> [INFORMATION SUPPLIED]:
########################################
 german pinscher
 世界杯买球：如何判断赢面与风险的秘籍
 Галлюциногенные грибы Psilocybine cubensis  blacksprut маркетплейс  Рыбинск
########################################
> [WORK INSTRUCTIONS]: Reproduce the material exactly, and keep every line as it is.

> [ANSWER FOR THIS EXERCISE]:
 german pinscher
 世界杯买球：如何判断赢面与风险的秘籍
 Галлюциногенные грибы Psilocybine cubensis  blacksprut маркетплейс  Рыбинск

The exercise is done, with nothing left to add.